Les plans globaux de construction sont pensés et dessinés par les membres assermentés des services de construction impériaux. Quant au design de la plupart des pièces intérieures, la France y a joué un rôle prépondérant. L'artiste et architecte d'intérieur français, Henri Rapin, a été recruté pour y apporter la touche française, dont le couple royal raffolait. Achevée en 1933, la résidence pouvait alors accueillir ses habitants. Malheureusement, en 1947, ayant perdu le statut impérial, Yasuhiko doit quitter les lieux. De 1947 à 1950, le site sert de résidence d'états aux premiers ministres du Japon puis, de 1950 à 1974, de lieux de villégiature pour les hôtes d'Etat. C'est en 1983 que la résidence ouvre ses portes au public, en tant que musée, pour obtenir, en 2015, la distinction d'Importante Propriété Culturelle du Japon. Le musée ferme ses portes en avril 2017 jusqu'à aujourd'hui pour différents travaux d'envergure, comme l'ajout d'un ascenseur pour que les personnes à mobilité réduite puissent accéder facilement au second étage de la résidence. Le musée est de nouveau prêt à accueillir les nombreux visiteurs, curieux de ce style Art déco en plein Tokyo.
Art déco versus art moderne
La première impression, qui domine la découverte du lieu, est le savant mélange des genres, merveilleusement bien orchestré par les artistes de l'époque. Bâtiment aux lignes occidentales entouré de jardins à la japonaise, le musée invite véritablement toutes les personnes, qui s’y rendent, à y pénétrer pour le découvrir. Au premier regard, l'entrée nous charme déjà : portes à la verrerie travaillée, lampe Art déco, splendide mosaïque au sol... L'œil ne sait plus vers quoi se diriger. L'entrée inaugure ce que le lieu réserve aux amateurs d'art.
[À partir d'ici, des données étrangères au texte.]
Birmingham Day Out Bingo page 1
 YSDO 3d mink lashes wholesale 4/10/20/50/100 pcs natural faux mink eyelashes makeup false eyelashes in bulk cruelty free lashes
La touche artistique française est véritablement présente dans la quasi totalité des pièces du musée. Le travail d'Henri Rapin est exceptionnel. Que dire des œuvres de René Lalique qui prennent vie tout au long de l'exploration ? Les éléments classiques se mélangent avec les arts décoratifs, le bois se reflète dans le marbre. La multiplication des genres interpelle, sans être aucunement brouillonne. Chaque style se répond avec grâce. La fontaine iconique, en porcelaine de Sèvres, rappelle ainsi le faste du lieu. La décoration fait également écho à l'usage des pièces. C'est ainsi que l'on s'émerveille devant le travail colossal de la salle à manger, véritable hommage à la gastronomie, le lustre de Lalique reprenant la forme de fruits, par exemple.
Alors que les artistes français n'ont jamais pu se rendre au Japon (correspondance écrite et envoi des œuvres, parfaitement exécutées selon les besoins techniques des pièces), les artistes japonais de l'époque ont, quant à eux, pu travailler leur art directement dans la résidence, spécialement pour magnifier le second étage. Le mélange des genres continue dans une valse harmonisée qui s'amplifie de pièce en pièce. Le voyage dans le temps est également assuré pour le visiteur d'aujourd'hui. On s'éblouit du bureau du Prince, où le travail du bois touche la perfection. On s'émerveille de la salle de bains en marbre noir et blanc. On aime passer du temps dans les chambres royales à contempler les détails. Chaque pièce possède une atmosphère inédite et enchanteresse. Et depuis la réouverture du musée, une exposition d'art moderne s'expose au travers du lieu. L'opposition des styles est incroyable.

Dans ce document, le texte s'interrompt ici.